Причем Ильин написал не памфлет, а научное исследование,
где взгляды Толстого разбираются последовательно, где, собственно,
нет ни одного обвинения, которое не было бы подтверждено цитатами.
В общем оценка толстовства такова: проповедовался, говорит Ильин,
"наивно-идиллический взгляд на человеческое существо, а черные
бездны истории и души обходились и замалчивались. Производилось
неверное межевание добра и зла: герои относились к злодеям; натуры
безвольные, робкие, ипохондрические, патриотически мертвенные,
противогражданские - превозносились как добродетельные. Искренние
наивности чередовались с нарочитыми парадоксами, возражения
отводились как софизмы; несогласные и непокорные объявлялись
людьми порочными, подкупными, своекорыстными, лицемерами"^. Так
случилось, продолжает Ильин, что учение графа Льва Толстого и его
последователей привлекало к себе "слабых и простодушных людей и,
придавая себе ложную видимость согласия с духом Христова учения,
отравляло русскую религиозную и политическую культуру"^.
В чем же конкретно видел Ильин недостатки и коренные пороки
толстовского учения? Ильин оговаривался, что о непротивлении злу в
буквальном смысле этого слова никто не думает; и нет сомнения, что
Толстой и примыкающие к нему моралисты не призывают к полному
непротивлению, потому что это было бы равносильно добровольному
нравственному самоуничтожению. Идея их, разъясняет Ильин, состоит
в том, что борьба со злом необходима, но "ее целиком следует
перенести во внутренний мир человека, и притом именно того человека,
который сам в себе эту борьбу ведет... Непротивление, о котором
они пишут и говорят, не означает внутреннюю сдачу и присоединение
ко злу; наоборот, оно есть особый вид сопротивления, т. е. неприятия,
осуждения, отвержения и противодействия. Их "непротивление" означает
противление и борьбу; однако лишь некоторыми, излюбленными
средствами. Они приемлют цель преодоления зла, но делают своеобразный
выбор в путях и средствах. Их учение есть учение не столько
о зле, сколько о том, как именно не следует его преодолевать"^.
Ильин подчеркивает, что в принципе идея непротивления злу -
не изобретение самого Толстого: он следует в этом традиции христианства.
Толстовство ценно тем, что страстно борется против увеличения
зла в мире, против того, чтобы на зло отвечали еще большим
злом. Вполне оправданный принцип подобных учений состоит в следующем:
надо воздержаться от ответа насилием на насилие настолько,
насколько воздержание в принципе возможно. Вместе с тем в своей
полемике Ильин не ограничивается подобными верными призывами,
показывая, сколь сложен и многозначен вопрос о насилии. Между тем
Толстой и его школа употребляли термины "насилие" и "ненасилие"
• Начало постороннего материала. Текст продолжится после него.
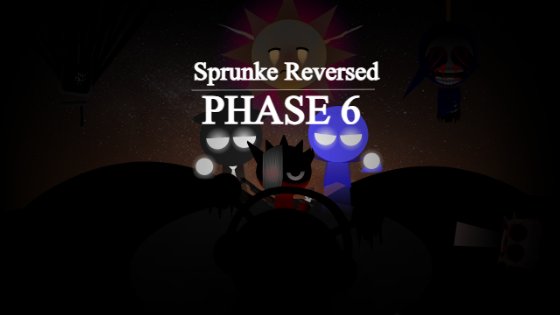 Sprunke Reversed Phase 6 [OFFICIAL]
расплывчато и неточно. Они по сути дела смешали самые различные
виды насилия с формами принуждения, самопринуждения, понуждения
Ильин предложил оригинальное и богатое оттенками различение
целой гаммы понятий, которые связаны с проблемами
зла, насилия и ответа на зло. "Они, - отмечает Ильин, имея
в виду толстовцев, - говорят и пишут о насилии и, выбрав этот неудачный,
отвращающий термин, обеспечивают себе пристрастное и
ослепленное отношение ко всей проблеме в целом. Это и естественно:
нет даже надобности быть сентиментальным моралистом, для того чтобы
на вопрос о "допустимости" или "похвальности" озлобленного безобразия
и угнетения ответить отрицательно. Однако эта единственность
термина укрывает за собой гораздо более глубокую ошибку: Лев Николаевич
Толстой и его школа не видят сложности в самом предмете.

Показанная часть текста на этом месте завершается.